Hey guys hoping to get some insight from the community on this. We run a 2 member N4064 Stack in one of our datacenters and yesterday the master unit locked up completely. We accessed the member via the console port and there was a few characters visible however non responsive. Thankfully all of the traffic failed over to the 2nd member seamlessly. I contacted the datacenter and had them powercycle the first unit and immediately started displaying the boot sequence on the console.
We had another stacking issue back in February which prompted us to upgrade to 126.96.36.199. That issue was much worse because traffic did not failover to the responsive member properly. Things have been fine since we completed that last maintenance.

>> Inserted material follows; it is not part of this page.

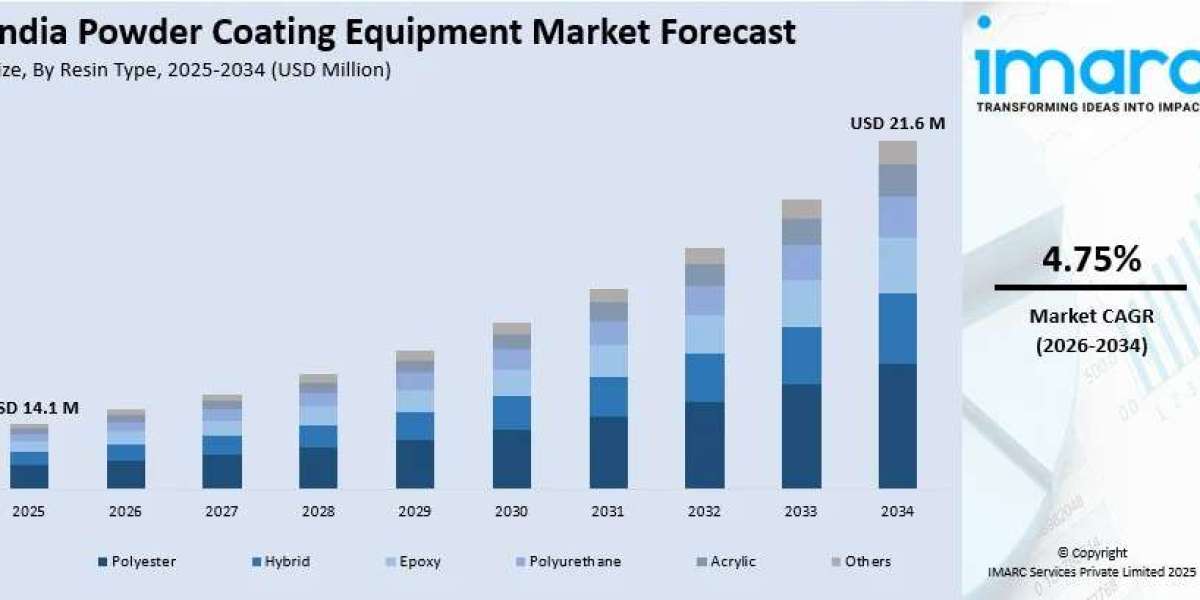 India Powder Coating Equipment Market Share and Report by 2033 | Get a Free Sample Report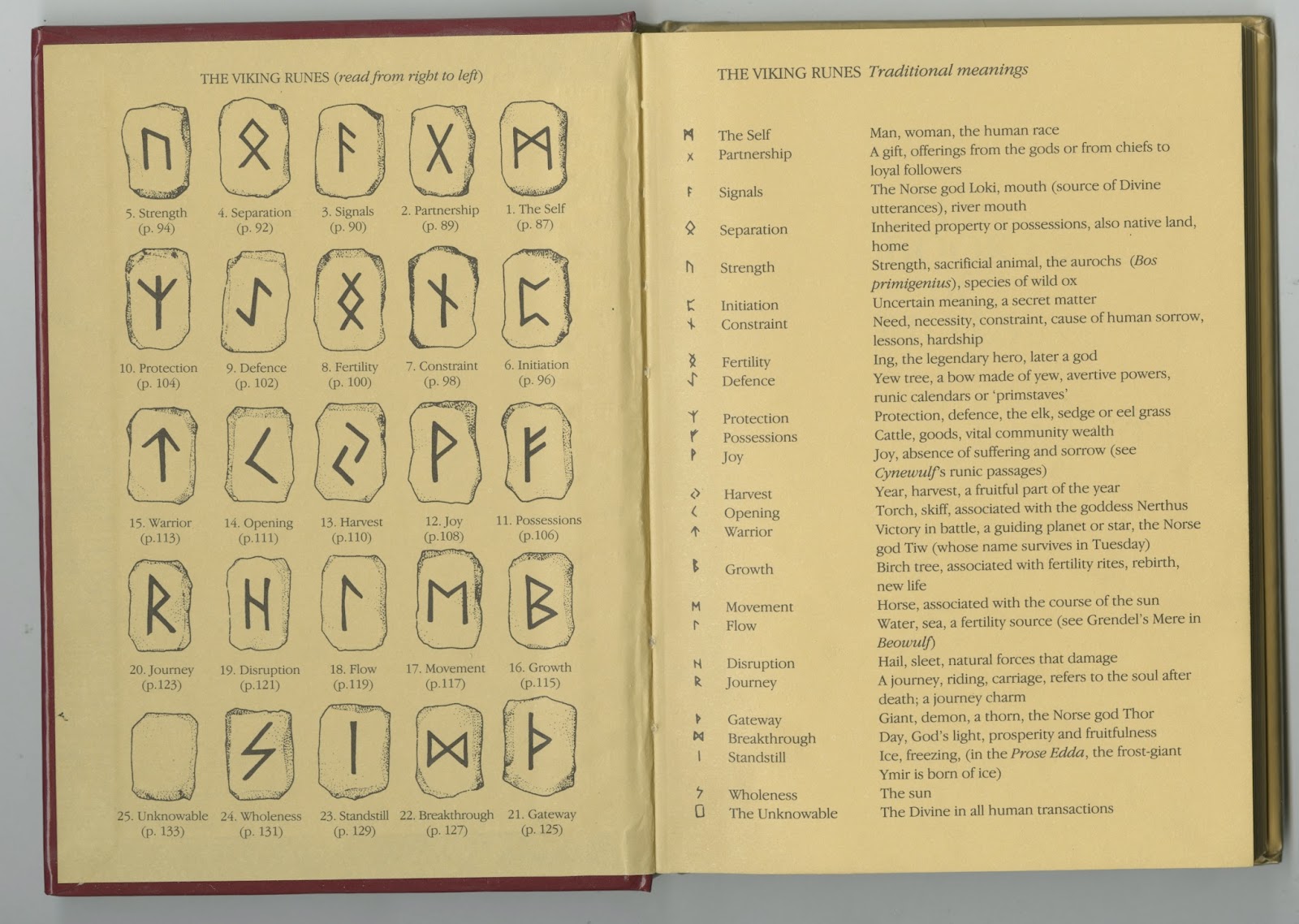 Contextual Studies: Runes - significance and meaning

I am aware of the newer branch of the the firmware and I am wondering if the fixes for some of the stacking issues in the newer branch would be appropriate to handle the issue we had happen yesterday. Appreciate any insight the group may have on this. I am trying to add the relevant logs however they keep getting marked as spam. Will work on that-
INFO Backup manager removed.
INFO Backup unit gone
INFO No Potential unit to configure as Standby when unit 1 left
NOTE Unit 1 is removed from the stack
NOTE Stack-port link down: Index: 230 Unit: 2 Tag: Fo2/0/1
NOTE Unit 2 identified a link failure in the stack. Fo2/0/1
I have been having stacking issues with Dells N4000 series for literally years (6x N4000 in a single stack). Quite literally nearly every release not for each firmware upgrade says it addresses this issue.
Do not upgrade to 6.5.x unless you are trying to stack an N4000 and another model of switch. I have had over 15 tickets with Pro Support on the issues that come with the 6.5.x firmware.
Dell Support is the one who told me this "Do not upgrade to 6.5.x unless you are trying to stack an N4000 and another model of switch."